Volvió su mirada al vaso. El trago fue grande, casi hasta vaciarlo. La música, la misma sintonía que Lucía había bailado todas las veces, maldita melodía, malditos recuerdos. Se vio rodeado por todos ellos. Los diez clientes se convirtieron en más de cien. El humo lo inundó todo, las risas, la música triplicó en potencia la que sonaba ahora mismo.
Y ella también estaba en el escenario. Más joven, más bella, infinitamente más radiante. Devorando el mundo con cada paso que daba, destruyendo credos con cada guiño, sus pechos perfectos asomaron en el cénit de su número, la barra había sido hecha para que ella la dominara, como también dominaba las miradas, la líbido, cada hombre que tuviera la capacidad de desear. Todo era suyo.
Él también estaba, por supuesto era absolutamente de su propiedad, más incluso que el resto de la concurrencia. También era muy diferente. Quizás más.
- Es un madero.- había susurrado entonces uno de los matones a Martín, también más joven obviamente, aunque ni mucho menos tan cambiado como ellos dos.
- Calma, es Ricardo. No hay problema con él.
- Recoge el chiringuito, Martín. Vienen hacia aquí.- sólo dijo.
En sus recuerdos, el número de su Lucía, de la Lucille de todos los demás justo había acabado, y él se introdujo en los camerinos. La encontró, había hecho ese camino decenas de veces. Había llegado el punto, en el que era incluso más deseable cuando abandonaba el escenario. Entonces, sólo era Lucía, sólo era suya. Igual de encantadora en realidad. Mucho más quizás. Ella le vio. Sonrió. Se acercó para besarle. Quiso tanto, tanto besarla… pero se detuvo
- No... no tenemos tiempo. Van a hacer una redada. Tienes que marcharte de aquí. ¡Vamos! Por la puerta trasera.

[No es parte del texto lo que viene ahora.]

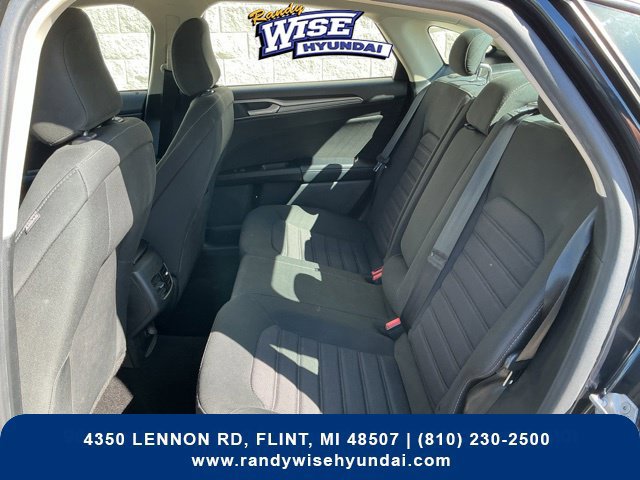 Used 2020 Ford Fusion SE AWD/4WD image 29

Ella, asustada, comenzó a vestirse apresuradamente, en un ritual inverso al que había hecho para cien hombres fuera de sus cabales, pero que le sacaba mucho más a él de los suyos ya que evocaba la normalidad de una mujer de carne y hueso, vulnerable, asustada como cualquier otra. Ricardo la había deseado tanto en ese momento que no pudo resistirse.
- ¡Espera! Espera… espera… no…- recordaba cómo se le atragantaron las palabras aunque llevaba semanas queriendo decirlas, y era lo que más deseaba decir en esos momentos.- No. Ven conmigo. Abandona esta vida. Escápate conmigo. Te quiero, Lucía. Nunca más tendrás que ser Lucille. No tendrás que responder ante ningún sueño prohibido. Crearemos nuestros propios sueños. Ven… ven conmigo. Juntos podemos olvidar toda esta mierda. Ven conmigo… te quiero. Te quiero.
Lo que más le dolió, fue ver que durante un momento, llegó a flaquear. Que llegó a pensárselo. Pero luego no hizo falta que le respondiera. Sólo le miró, con una franqueza que no podía traducirse en palabras. No era necesario.
- Lucía… yo.
Ella se acercó a él, y puso un dedo sobre sus labios, acallando el torrente de pensamientos, deteniendo el mundo durante unos instantes. Luego le besó, lentamante, con tanta ternura que Ricardo sintió más afecto, aunque fuera falso, que en sus cinco años de triste matrimonio. Y se marchó por la puerta de atrás.
Ricardo, recordaba todo eso perfectamente, cada detalle, cada segundo. Sin embargo no recordaba como entró la policía al local, cómo lo desalojaron, todo lo que sucedió a continuación. Porque aquello no solía durar, Quiñones era un hombre muy poderoso ya entonces. A pesar de todos los trapicheos que se hicieran entre sus muros, la Rosa Verde nunca permanecía cerrada más de una semana.
Su mirada volvió al presente, a su copa casi vacía, aunque estaba seguro de que no sería la última vez que visitaría al álbum de fotos de su marchita memoria en lo que quedaba de noche.